Bu karara karşı davacı vekilince süresinde temyiz yoluna başvurulması üzerine dosya incelendi, gereği konuşulup düşünüldü.
Dosyadaki yazılara, kararın dayandığı gerektirici sebeplere, delillerin takdirinde bir isabetsizlik bulunmamasına göre, asıl ve birleşen davada davacı vekilinin tüm temyiz sebepleri yerinde görülmemiştir.

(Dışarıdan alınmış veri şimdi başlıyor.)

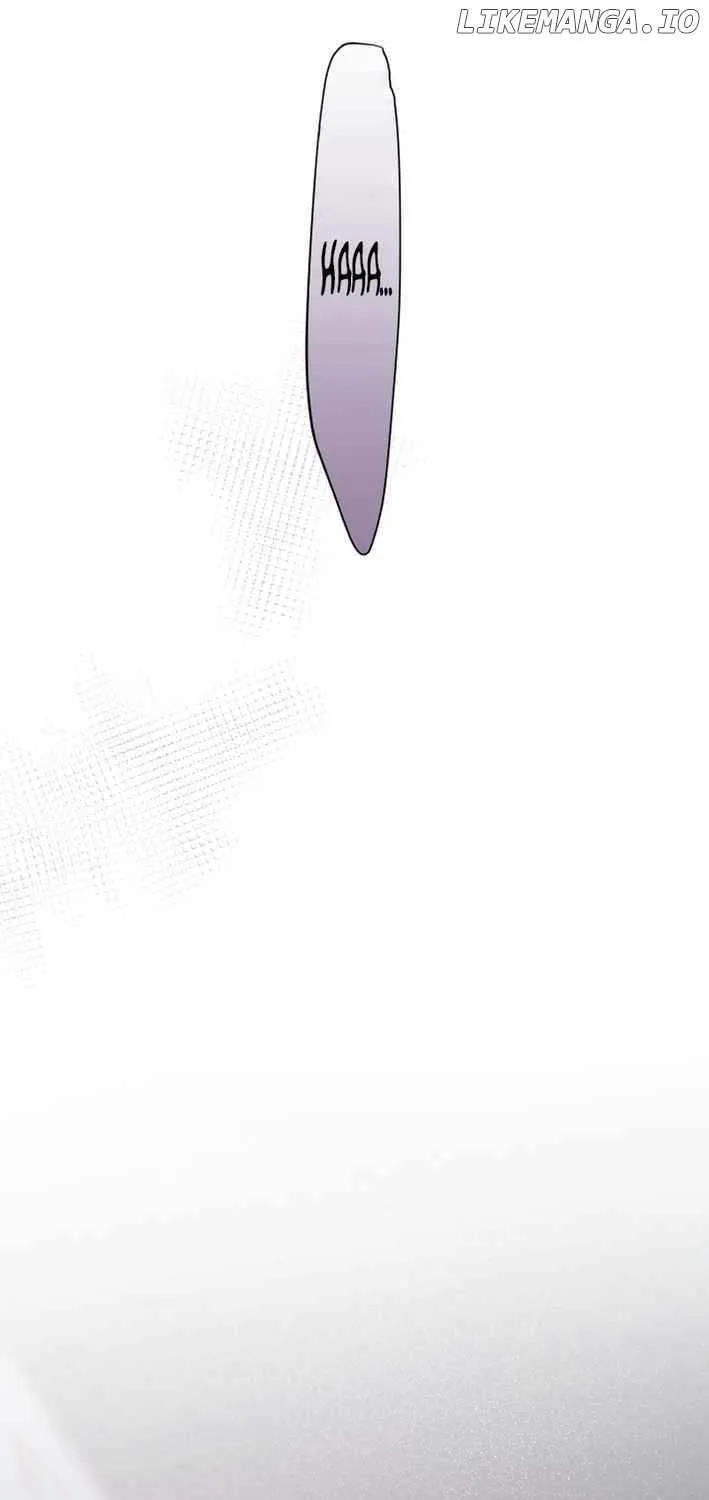 Our Guild’s Idol Chapter 21 page 43 - 
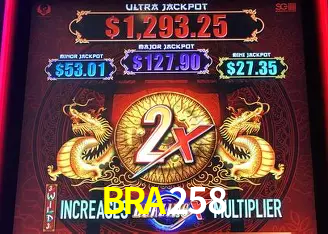BRA258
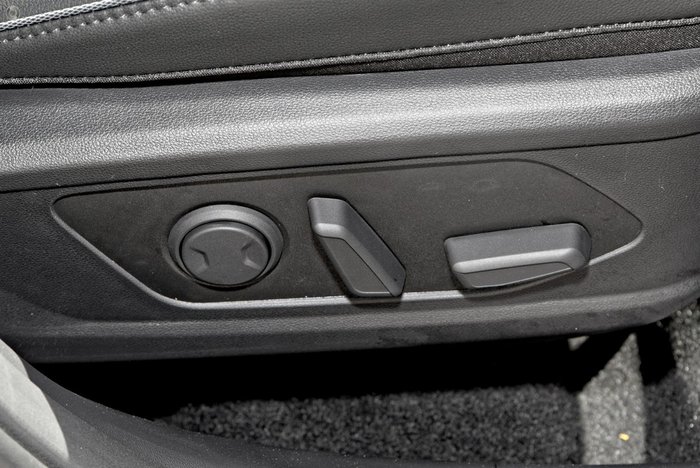 2024 Hyundai Tucson Premium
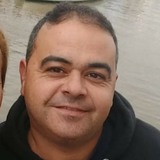 Mauroteli from Buenos Aires | Man | 49 years old | Leo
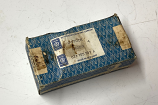 Rod Bearing Set STD Genuine Bus '72-'75 / Porsche 1.7 & 1.8 / 411/412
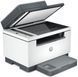 МФУ HP лазерное для ч/б печати Wi-Fi (9YG08A) H00000047092 фото 5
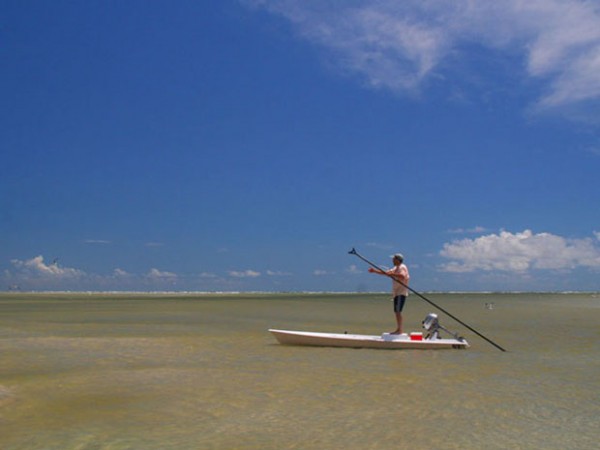 solo-skiff-3-600x450.jpg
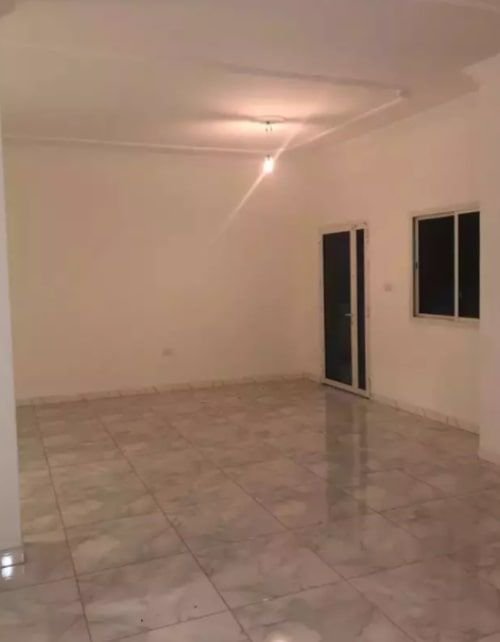 Apartment for rent in Jeddah, Al Hamra District, 5 rooms, 200 sq.m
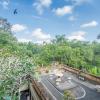 sulendra jungle suites ubud view by eps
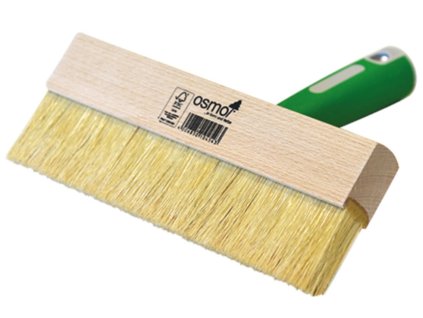 osmo kartáč 220 mm c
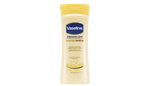 Vaseline Total Moisture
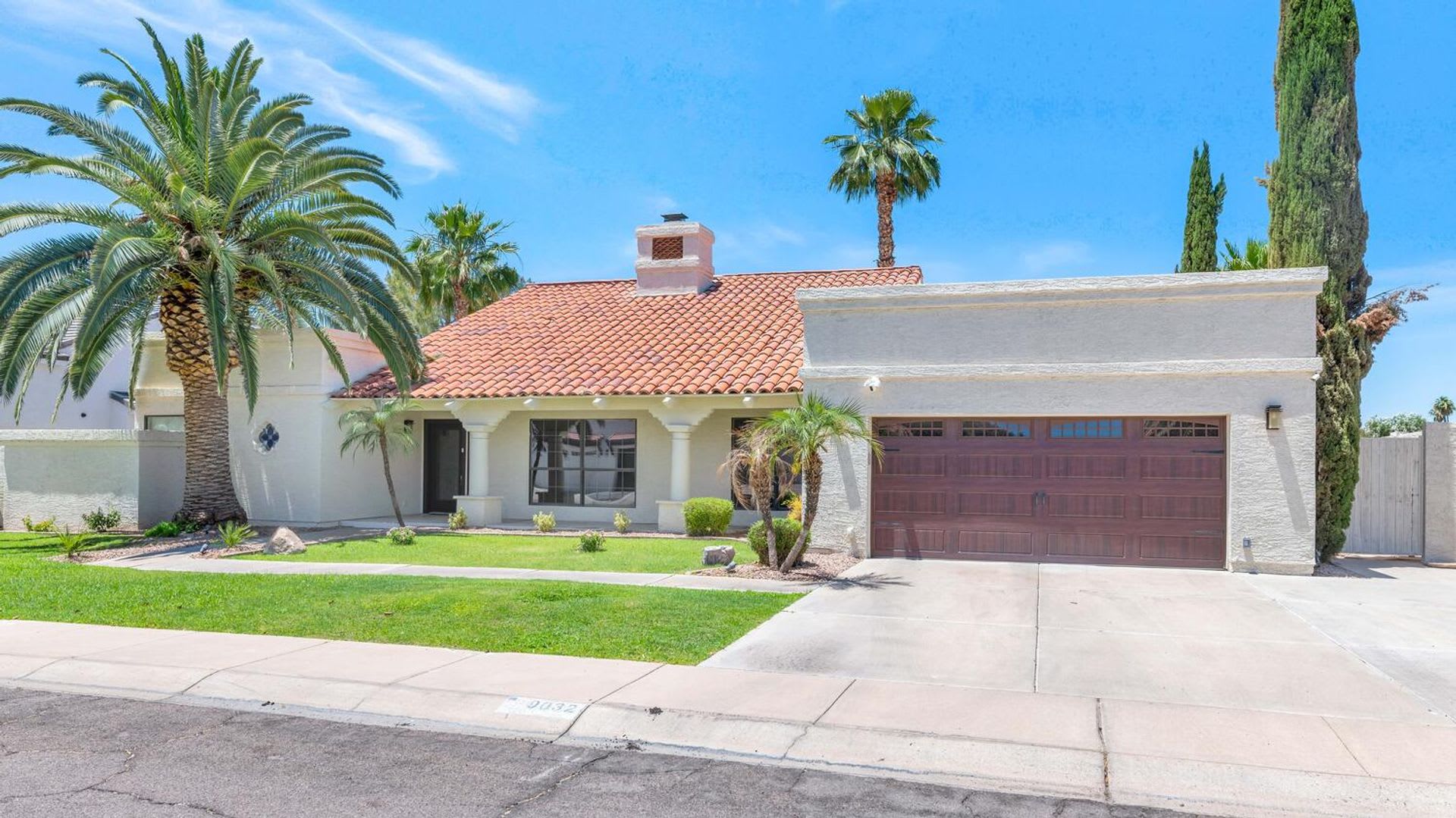 Rates Vary: $7,245 – photo 2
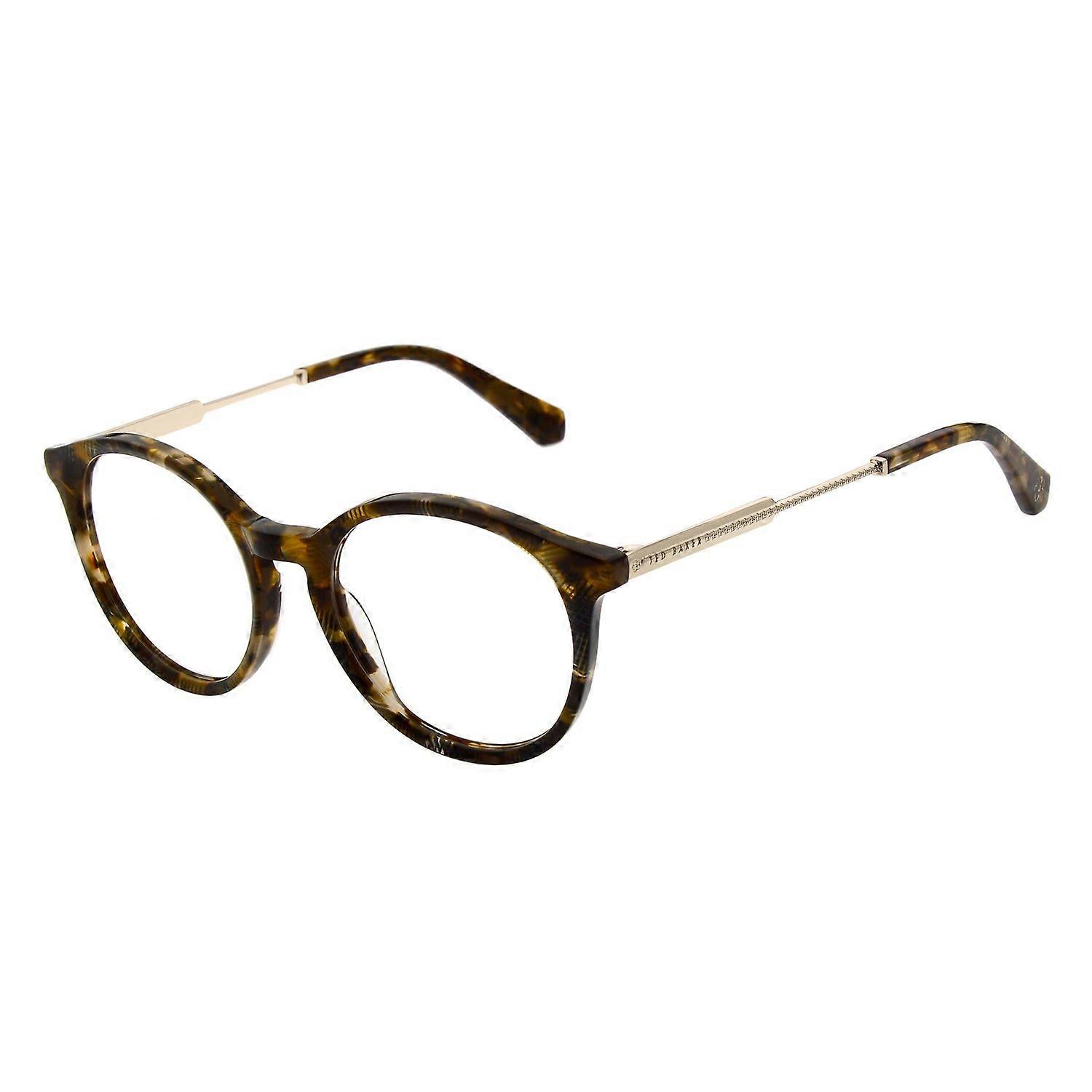 TED BAKER TB9259 49102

SONUÇ: Yukarıda açıklanan nedenlerle Ankara Bölge Adliye Mahkemesi 23. Hukuk Dairesi kararına ilişkin asıl ve birleşen davada davacı vekilinin tüm temyiz sebeplerinin reddiyle usul ve kanuna uygun bulunan hükmün ONANMASINA, aşağıda yazılı onama harcının temyiz edenden alınmasına, dosyanın ilk derece mahkemesine, kararın bir örneğininde Ankara Bölge Adliye Mahkemesi 23. Hukuk Dairesine gönderilmesine, 25.11.2020 tarihinde kesin olarak oy birliği ile karar verildi.